Kristin chimed in via a post on her Le Salon Annex blog:

Ken Wohlrob must love his city. The author of The Love Book returns with stories so encrusted with the ambiance of New York, they could not have come from anyone else other than a resident. These stories, sometimes soft focused and sentimental about the city that was, other times microscopic in their harsh scrutiny, share one thing in common- characters.

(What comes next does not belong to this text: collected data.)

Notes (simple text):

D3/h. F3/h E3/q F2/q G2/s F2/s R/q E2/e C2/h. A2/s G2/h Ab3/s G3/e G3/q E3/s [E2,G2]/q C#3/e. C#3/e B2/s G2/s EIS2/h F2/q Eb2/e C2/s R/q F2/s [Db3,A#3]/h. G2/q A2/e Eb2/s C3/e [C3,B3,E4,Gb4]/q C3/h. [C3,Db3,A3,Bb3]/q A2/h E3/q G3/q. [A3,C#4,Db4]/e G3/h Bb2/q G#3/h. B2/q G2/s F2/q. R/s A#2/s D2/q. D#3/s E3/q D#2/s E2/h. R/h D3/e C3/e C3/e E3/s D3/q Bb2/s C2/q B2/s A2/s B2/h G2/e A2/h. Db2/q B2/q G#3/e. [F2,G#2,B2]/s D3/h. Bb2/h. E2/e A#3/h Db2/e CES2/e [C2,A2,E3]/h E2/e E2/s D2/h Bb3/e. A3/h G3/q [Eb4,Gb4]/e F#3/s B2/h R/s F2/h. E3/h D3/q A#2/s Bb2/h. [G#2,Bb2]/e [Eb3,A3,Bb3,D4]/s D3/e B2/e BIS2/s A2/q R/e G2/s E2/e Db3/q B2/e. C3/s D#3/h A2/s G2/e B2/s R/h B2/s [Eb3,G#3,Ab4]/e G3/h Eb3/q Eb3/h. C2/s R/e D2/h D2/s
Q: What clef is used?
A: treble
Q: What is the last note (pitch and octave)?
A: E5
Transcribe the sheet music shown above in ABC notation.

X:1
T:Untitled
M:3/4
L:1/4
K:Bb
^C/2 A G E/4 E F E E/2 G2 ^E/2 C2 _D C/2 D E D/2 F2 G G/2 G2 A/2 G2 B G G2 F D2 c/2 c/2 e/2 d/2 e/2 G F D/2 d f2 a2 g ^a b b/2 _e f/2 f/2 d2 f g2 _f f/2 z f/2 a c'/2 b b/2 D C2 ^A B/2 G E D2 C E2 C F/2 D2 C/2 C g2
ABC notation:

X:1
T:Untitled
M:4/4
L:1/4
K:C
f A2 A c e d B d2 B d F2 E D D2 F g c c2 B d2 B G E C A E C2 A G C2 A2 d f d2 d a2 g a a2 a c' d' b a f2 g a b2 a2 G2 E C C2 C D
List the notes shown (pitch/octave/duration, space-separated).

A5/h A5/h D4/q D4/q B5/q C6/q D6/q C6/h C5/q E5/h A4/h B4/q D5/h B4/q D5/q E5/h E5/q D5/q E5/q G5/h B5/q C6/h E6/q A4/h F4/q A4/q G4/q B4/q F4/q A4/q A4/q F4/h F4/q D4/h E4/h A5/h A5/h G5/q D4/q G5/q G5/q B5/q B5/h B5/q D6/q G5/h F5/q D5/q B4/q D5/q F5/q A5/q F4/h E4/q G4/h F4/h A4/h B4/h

Wohlrob empathizes with these denizens occupying a rapidly evolving environment.

Alex via his review on GoodReads.

In his aptly named new collection of stories, Songs of Vagabonds, Misfits and Sinners, Wohlrob presents a cast of New York denizens trapped by self-delusion, drug addiction, dehumanizing jobs, self-destructive ambitions, family loyalty, old school entropy, smothering debt and always reliable fate, whose only reward for this shit blizzard called life is a moment or two of stunning bewildering truth.

And now that you’re inspired to pick up a copy of Songs…, be sure to grab these excellent books from Kristin and Alex as well. Also check out Alex’s The Red Album of Asbury Park Remixed podcast which includes the full novel along with songs from a slew of Garden State bands.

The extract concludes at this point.